Book Review: Unbuttoned: The Art and Artists of Theatrical Costume Design

by Natalie Robin
Unbuttoned: The Art and Artists of Theatrical Costume Design from Focal Press
Unbuttoned: The Art and Artists of Theatrical Costume Design from Focal Press

There is a glamour and an allure to anything “behind the scenes,” to seeing the magic of the theater unwind, unfold and uncovered.  Costume designer E. Shura Pollatsek and photographer Mitchell D. Wilson have given us a new glimpse behind the magic in Unbuttoned: The Art and Artists of Theatrical Costume Design. Beginning with the seed of the production and character idea and tracing the costuming process all the way through the creation of the look, Pollatsek has made visible the intricate and beautiful work happening just out of sight by focusing on the process rather than the product.
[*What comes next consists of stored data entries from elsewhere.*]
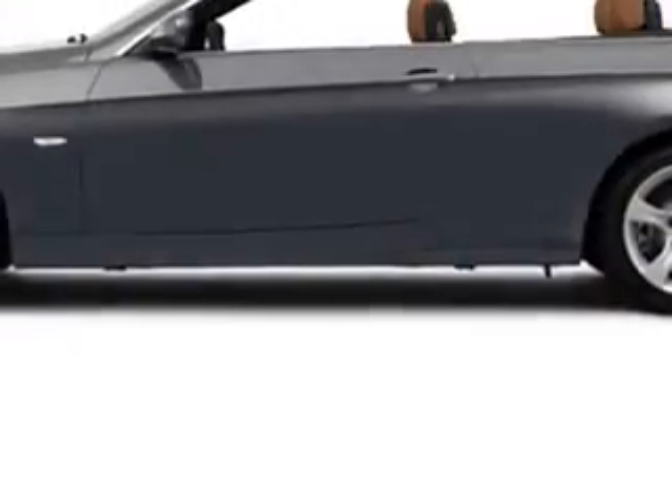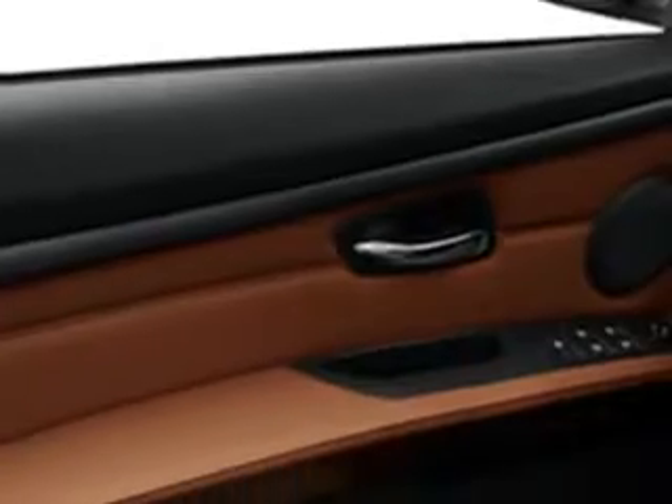You will love this space-gray metallic 2013 BMW 3 Series Convertible 335i, equipped with a six-cylinder engine and an automatic transmission. Enjoy this luxury car with features like leather upholstery, hard top, fuel data display, heated outside mirrors, power convertible top, and much more.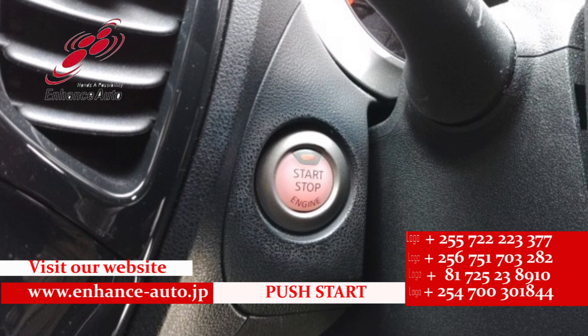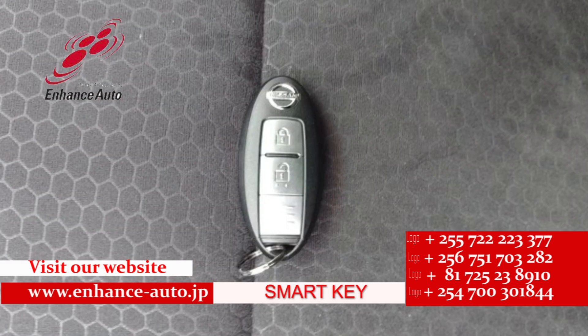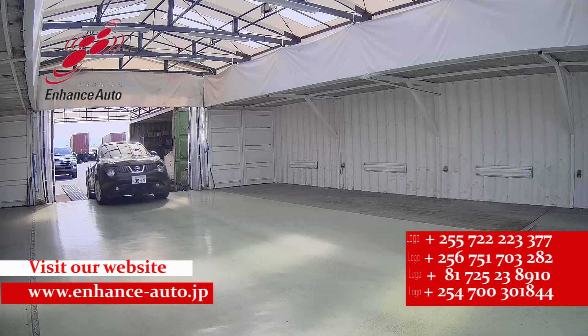For personal use, you will be free. For Uber and taxi business, good profit.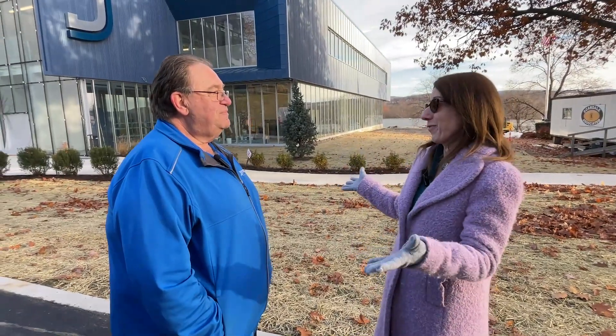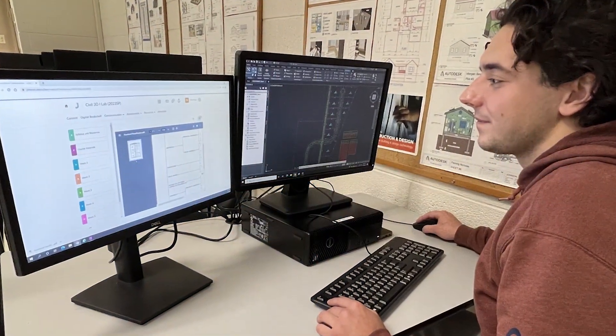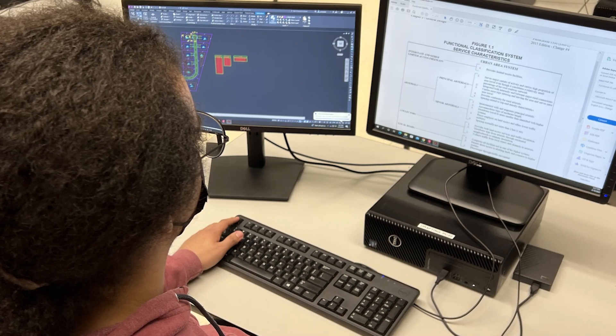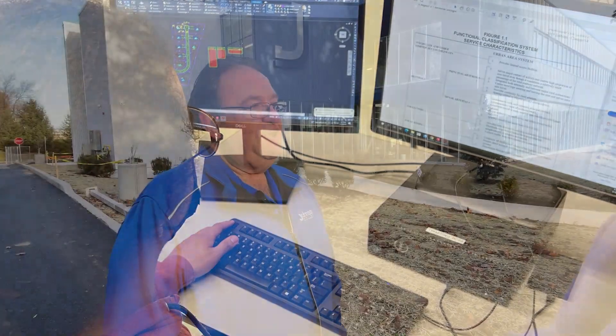Tell me a little bit about the different job opportunities available for students once they graduate. When students graduate, they'll be well-equipped to be entry-level civil design technicians. They can work for engineering offices. They can work for municipalities or the state. And they'll also be able to continue with their education to a four- or five-year engineering degree. So a lot of opportunities, a lot of growth in these fields. I really appreciate you being with me today to share a little more about civil design. You're welcome. Thank you.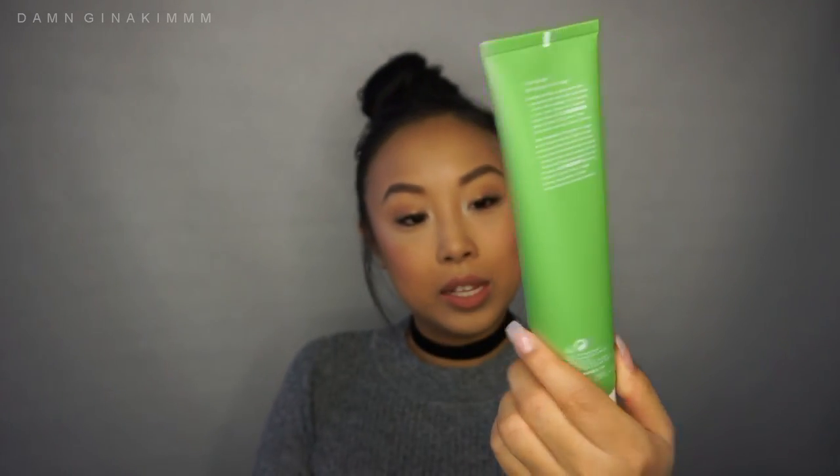Let me pull them out — there are three products inside the box. The first one is the Find Your Balance Oil Control Cleanser. This is supposed to purify and deeply cleanse your pores with a green fusion complex. There is neem seed oil — which I've not heard of — glycolic acid, and lactic acids. And these are full-size products, so I mean, hello!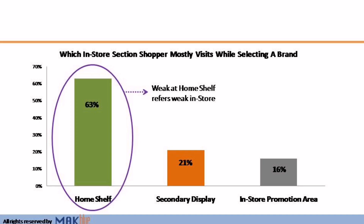A few years back we conducted a small research that depicts that 63% of shoppers pick the brand from the primary shelf. So in our opinion, if you are not present on the primary shelf with a relevant range and the right placement with strong visibility, you do not exist in the store.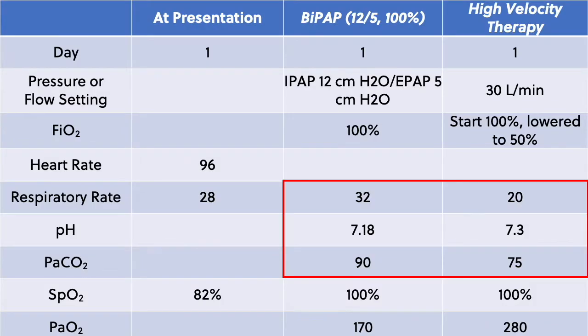We also sent blood and sputum cultures to identify any organism. As the blood gas and the patient's condition were poor, we decided to transition him to a high-velocity Vapotherm Precision Flow, starting at 30 liters per minute with FiO2 of 100%. Within 10 minutes, his respiratory rate dropped to 20 after being placed on the high-velocity device, and he was definitely more comfortable.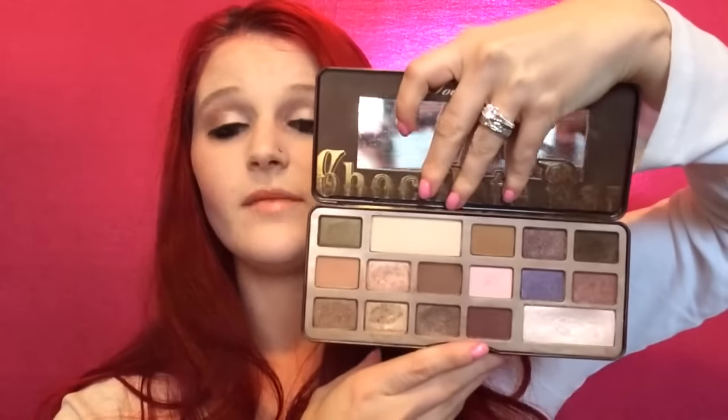I've had this one for a long time — it's one of my other favorites, the Too Faced Chocolate Bar Palette. It definitely smells like chocolate. I haven't hit pan on it at all yet but I absolutely adore this palette.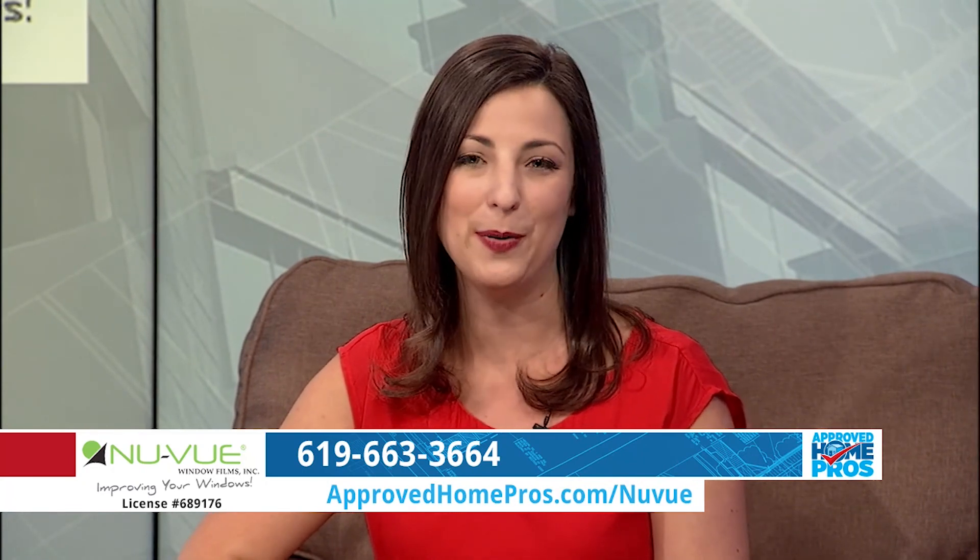Thank you, Arielle. Protect your home from UV rays with window films from NuView. You can find them on ApprovedHomePros.com.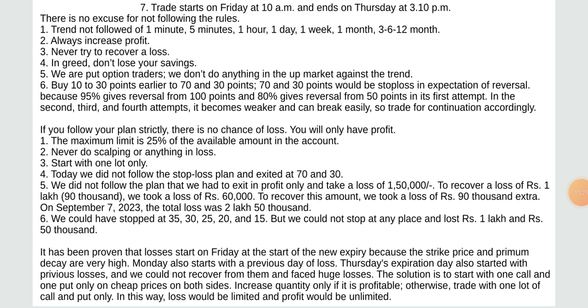We did not follow the plan — we had to exit in profit only and took a loss of rupees 1 lakh 90,000. To recover a loss of rupees 1,90,000 we took an extra loss of rupees 60,000, and to recover that we took a loss of rupees 90,000 extra on September 7, 2023 — total loss was rupees 2,50,000. It has been proven that losses start on Friday at the start of a new expiry because theta and premium decay are very high.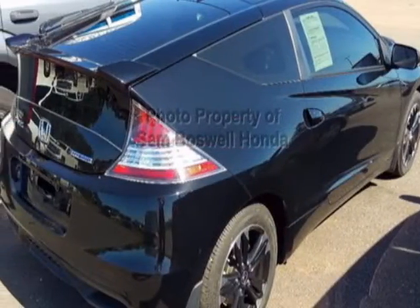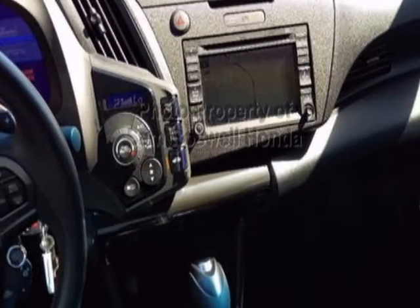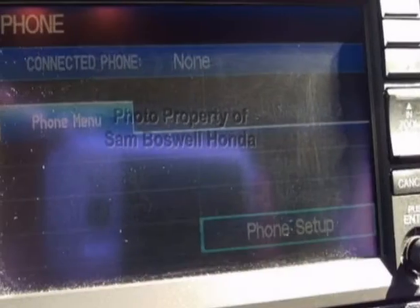This vehicle gets an estimated 36 miles per gallon in the city and an estimated 39 on the highway. This CR-Z boasts a 1.5-liter engine and has a CVT transmission. Another great feature is that this vehicle is a hybrid.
Pollatsek emphasizes the collaborative nature of the costume design and creation fields, featuring both designers and craftspeople. She has structured the book to follow the creative process through macro explanations and small interview-style essays featuring different individuals and their specialty or strength within the continuum. These essays and anecdotes are paired with exquisite detailed photographs of artists and artisans at work, sharing with the reader the tiniest details. Unlike clothes, costumes are individualized, handmade objects, crafted not just for a specific character, but for a specific performer. Costumes also require efficiency of time and money, ingenuity in “quick rigging” or alterations, delicacy of detail and scale to be seen from far away. The interviews with all of the people who might handle a garment speak for themselves and deftly introduce so much of the nuance embedded in the work.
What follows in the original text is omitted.